§ Extracted data
*****

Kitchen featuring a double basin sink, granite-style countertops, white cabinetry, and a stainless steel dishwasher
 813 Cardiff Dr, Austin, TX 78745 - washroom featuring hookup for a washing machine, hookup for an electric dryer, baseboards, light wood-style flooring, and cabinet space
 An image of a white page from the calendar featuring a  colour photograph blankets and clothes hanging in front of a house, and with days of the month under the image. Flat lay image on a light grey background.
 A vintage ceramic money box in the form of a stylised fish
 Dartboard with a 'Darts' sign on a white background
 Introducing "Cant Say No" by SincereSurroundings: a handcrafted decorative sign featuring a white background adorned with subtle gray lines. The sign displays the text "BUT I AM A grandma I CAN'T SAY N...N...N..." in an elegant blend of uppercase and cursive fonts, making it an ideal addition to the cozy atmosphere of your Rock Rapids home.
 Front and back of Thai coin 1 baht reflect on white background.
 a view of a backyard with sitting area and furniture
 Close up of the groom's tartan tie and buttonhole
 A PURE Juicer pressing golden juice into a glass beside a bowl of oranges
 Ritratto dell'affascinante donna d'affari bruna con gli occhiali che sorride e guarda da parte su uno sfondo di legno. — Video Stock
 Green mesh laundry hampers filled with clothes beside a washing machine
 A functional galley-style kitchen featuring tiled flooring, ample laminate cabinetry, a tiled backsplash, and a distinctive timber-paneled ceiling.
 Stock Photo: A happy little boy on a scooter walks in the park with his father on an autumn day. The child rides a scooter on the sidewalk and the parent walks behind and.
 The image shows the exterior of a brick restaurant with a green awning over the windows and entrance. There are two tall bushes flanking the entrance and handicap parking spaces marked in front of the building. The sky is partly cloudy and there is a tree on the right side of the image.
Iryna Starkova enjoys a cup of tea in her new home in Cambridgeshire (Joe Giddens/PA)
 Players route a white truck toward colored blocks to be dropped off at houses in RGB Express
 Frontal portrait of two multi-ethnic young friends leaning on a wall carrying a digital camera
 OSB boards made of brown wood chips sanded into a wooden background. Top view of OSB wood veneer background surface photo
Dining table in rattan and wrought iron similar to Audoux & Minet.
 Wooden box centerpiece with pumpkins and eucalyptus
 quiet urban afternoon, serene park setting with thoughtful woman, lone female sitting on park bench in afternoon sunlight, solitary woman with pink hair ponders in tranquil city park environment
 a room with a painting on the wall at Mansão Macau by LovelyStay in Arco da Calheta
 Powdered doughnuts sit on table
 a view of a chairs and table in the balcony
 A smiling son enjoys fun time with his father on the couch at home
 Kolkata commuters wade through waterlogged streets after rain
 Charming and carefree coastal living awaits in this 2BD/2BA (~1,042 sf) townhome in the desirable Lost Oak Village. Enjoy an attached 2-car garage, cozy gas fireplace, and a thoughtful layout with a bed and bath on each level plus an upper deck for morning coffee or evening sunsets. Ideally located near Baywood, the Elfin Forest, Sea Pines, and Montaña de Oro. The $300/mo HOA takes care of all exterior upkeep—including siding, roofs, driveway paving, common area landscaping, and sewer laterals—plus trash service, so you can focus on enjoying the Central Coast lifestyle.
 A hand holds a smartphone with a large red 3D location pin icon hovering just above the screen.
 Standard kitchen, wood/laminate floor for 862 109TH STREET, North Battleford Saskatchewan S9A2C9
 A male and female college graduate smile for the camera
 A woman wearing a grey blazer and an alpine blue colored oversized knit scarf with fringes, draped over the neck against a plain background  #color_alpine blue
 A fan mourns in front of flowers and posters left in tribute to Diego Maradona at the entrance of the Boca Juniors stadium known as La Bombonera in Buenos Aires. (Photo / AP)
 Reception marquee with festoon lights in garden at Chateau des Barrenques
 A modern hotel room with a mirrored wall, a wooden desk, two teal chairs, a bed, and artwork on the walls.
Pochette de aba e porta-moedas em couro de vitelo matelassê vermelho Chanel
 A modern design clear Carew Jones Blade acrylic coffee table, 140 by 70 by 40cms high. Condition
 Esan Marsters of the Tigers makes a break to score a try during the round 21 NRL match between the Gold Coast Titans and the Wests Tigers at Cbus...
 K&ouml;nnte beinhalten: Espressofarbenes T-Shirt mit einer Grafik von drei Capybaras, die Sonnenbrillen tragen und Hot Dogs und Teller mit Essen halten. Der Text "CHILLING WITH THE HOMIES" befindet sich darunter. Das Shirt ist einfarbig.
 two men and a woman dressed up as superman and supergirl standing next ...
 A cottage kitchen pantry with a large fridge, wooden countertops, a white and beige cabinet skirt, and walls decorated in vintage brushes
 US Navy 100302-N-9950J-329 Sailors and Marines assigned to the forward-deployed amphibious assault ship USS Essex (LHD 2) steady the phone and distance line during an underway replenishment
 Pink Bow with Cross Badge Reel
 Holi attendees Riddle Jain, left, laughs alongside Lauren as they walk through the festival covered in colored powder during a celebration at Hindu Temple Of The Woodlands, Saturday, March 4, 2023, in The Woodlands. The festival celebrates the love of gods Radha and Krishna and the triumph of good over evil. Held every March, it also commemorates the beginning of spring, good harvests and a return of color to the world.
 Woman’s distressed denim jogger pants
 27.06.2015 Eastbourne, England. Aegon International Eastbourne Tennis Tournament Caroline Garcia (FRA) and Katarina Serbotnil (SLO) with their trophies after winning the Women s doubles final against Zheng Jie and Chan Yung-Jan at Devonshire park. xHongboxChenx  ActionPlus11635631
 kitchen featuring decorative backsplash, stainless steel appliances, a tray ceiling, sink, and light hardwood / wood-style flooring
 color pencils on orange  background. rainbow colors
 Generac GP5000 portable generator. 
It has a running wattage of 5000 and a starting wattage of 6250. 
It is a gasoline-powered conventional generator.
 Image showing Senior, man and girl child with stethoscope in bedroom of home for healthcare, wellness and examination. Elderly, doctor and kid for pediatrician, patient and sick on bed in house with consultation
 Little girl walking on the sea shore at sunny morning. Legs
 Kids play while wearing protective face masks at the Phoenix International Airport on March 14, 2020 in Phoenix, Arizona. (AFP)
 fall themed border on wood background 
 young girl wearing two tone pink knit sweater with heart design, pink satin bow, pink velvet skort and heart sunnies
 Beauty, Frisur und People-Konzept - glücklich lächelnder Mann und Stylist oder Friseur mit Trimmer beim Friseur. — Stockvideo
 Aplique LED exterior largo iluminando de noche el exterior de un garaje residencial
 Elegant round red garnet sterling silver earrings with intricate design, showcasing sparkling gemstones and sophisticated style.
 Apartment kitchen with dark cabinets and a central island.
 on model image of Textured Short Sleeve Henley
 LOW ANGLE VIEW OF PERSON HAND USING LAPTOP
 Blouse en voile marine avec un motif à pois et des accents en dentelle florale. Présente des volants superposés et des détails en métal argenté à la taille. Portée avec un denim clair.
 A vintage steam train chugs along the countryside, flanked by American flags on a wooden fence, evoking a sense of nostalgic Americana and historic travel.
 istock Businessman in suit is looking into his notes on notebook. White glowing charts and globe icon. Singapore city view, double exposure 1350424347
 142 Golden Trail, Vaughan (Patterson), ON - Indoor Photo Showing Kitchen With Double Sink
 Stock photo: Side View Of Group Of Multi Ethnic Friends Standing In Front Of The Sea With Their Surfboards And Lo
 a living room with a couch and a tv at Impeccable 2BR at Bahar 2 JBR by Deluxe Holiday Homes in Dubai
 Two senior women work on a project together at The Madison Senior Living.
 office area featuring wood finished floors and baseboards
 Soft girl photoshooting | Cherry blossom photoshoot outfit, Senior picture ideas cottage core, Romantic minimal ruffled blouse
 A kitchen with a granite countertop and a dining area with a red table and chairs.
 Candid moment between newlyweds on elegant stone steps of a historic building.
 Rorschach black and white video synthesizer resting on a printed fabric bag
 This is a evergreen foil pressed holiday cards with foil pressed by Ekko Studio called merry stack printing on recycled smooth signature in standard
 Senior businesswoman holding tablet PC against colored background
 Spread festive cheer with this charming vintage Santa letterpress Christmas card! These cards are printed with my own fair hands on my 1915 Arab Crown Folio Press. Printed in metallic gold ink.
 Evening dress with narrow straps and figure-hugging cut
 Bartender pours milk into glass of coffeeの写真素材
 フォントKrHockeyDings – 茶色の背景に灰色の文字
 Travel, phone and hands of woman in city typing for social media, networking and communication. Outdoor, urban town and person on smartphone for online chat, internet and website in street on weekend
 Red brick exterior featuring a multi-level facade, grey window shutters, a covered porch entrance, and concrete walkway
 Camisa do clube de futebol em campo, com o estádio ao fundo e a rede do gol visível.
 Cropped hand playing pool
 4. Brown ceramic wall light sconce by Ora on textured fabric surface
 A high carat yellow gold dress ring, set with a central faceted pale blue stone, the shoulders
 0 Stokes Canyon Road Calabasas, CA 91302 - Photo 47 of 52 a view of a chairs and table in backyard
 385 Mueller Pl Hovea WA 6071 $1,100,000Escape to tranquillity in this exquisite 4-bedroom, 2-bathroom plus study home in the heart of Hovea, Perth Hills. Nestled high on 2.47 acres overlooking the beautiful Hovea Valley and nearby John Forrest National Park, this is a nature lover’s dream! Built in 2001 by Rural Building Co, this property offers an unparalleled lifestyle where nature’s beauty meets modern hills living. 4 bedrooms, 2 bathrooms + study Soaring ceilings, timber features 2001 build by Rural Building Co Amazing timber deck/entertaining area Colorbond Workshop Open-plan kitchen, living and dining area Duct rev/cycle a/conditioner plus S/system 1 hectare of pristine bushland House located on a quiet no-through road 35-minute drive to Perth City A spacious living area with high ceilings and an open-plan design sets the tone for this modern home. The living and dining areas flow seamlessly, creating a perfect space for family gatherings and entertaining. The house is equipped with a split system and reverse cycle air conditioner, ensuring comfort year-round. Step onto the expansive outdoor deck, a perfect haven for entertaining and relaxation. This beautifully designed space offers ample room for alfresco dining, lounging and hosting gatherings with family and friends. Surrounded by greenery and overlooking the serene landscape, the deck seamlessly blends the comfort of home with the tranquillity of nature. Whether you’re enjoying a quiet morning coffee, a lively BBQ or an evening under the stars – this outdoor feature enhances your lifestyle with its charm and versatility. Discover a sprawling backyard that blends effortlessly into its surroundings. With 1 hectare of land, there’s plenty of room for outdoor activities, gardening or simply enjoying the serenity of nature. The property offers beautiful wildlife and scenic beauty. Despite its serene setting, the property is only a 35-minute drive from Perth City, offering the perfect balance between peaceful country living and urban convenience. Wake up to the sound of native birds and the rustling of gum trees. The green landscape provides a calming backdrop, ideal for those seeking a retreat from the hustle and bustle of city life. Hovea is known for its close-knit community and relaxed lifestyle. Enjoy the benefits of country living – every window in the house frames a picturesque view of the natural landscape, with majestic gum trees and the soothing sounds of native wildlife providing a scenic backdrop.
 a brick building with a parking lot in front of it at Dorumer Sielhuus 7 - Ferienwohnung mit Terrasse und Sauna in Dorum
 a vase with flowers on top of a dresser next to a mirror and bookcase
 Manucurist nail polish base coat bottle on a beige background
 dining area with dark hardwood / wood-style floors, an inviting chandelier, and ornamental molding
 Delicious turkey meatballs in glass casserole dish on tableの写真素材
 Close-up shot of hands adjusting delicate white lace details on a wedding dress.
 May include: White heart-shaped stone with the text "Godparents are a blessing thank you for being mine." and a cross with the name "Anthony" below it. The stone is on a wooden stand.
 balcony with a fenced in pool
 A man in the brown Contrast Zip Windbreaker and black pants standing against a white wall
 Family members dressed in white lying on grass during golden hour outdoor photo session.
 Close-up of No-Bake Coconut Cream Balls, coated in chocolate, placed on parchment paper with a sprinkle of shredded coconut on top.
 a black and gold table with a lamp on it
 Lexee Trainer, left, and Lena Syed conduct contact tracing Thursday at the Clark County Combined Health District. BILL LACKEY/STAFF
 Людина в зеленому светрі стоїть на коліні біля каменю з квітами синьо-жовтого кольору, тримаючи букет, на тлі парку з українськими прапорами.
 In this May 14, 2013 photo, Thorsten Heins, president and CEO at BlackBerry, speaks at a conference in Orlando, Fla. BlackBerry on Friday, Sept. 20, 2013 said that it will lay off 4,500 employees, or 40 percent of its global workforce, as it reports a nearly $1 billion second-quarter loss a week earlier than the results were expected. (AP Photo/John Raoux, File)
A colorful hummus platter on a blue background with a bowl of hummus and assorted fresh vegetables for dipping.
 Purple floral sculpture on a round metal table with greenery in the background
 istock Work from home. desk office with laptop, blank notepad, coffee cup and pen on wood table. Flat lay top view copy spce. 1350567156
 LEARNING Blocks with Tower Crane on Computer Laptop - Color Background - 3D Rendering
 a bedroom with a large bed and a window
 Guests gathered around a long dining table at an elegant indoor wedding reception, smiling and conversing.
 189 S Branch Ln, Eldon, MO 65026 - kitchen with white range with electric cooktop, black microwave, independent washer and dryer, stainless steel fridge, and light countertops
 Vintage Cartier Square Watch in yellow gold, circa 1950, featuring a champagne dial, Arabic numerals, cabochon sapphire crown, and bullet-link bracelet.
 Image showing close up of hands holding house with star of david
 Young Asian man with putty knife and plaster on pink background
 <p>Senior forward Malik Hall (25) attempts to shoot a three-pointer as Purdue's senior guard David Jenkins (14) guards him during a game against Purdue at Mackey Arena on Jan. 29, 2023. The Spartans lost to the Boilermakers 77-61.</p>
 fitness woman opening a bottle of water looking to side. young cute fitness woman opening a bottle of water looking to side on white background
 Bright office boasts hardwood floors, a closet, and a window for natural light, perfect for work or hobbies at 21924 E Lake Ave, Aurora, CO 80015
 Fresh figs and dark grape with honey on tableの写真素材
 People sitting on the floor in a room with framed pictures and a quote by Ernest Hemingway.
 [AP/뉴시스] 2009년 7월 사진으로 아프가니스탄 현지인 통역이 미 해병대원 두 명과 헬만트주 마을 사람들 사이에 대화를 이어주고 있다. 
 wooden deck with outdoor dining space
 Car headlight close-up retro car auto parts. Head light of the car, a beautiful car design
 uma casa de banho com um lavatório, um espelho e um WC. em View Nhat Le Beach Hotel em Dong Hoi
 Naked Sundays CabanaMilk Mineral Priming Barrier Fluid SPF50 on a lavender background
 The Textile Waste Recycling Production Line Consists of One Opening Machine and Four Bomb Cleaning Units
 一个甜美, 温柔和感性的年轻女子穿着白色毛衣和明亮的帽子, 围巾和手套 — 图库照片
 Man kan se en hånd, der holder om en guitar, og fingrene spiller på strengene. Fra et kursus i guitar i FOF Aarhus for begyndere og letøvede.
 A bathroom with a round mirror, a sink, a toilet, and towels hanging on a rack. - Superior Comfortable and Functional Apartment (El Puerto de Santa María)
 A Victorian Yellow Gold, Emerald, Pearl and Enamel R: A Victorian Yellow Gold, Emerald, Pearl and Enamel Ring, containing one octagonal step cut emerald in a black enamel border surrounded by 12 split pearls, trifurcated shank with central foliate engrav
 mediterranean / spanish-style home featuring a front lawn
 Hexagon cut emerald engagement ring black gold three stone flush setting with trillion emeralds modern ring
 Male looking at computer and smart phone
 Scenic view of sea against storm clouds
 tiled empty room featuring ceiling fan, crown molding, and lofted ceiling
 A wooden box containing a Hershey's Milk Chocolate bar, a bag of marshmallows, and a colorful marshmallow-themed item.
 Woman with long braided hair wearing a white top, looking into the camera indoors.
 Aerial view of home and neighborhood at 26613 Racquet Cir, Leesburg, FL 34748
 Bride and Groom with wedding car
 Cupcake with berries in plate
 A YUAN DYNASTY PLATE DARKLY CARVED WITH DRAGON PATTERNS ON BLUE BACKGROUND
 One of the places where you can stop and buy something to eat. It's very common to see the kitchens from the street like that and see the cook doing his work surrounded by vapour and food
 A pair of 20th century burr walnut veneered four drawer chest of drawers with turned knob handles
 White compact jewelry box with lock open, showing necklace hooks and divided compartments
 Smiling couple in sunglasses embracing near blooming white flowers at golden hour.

*****

§ Try it
A line belongs in the answer if it contains the word "molding"; copy every such line from the data above.

§ Response to this task
 dining area with dark hardwood / wood-style floors, an inviting chandelier, and ornamental molding
 tiled empty room featuring ceiling fan, crown molding, and lofted ceiling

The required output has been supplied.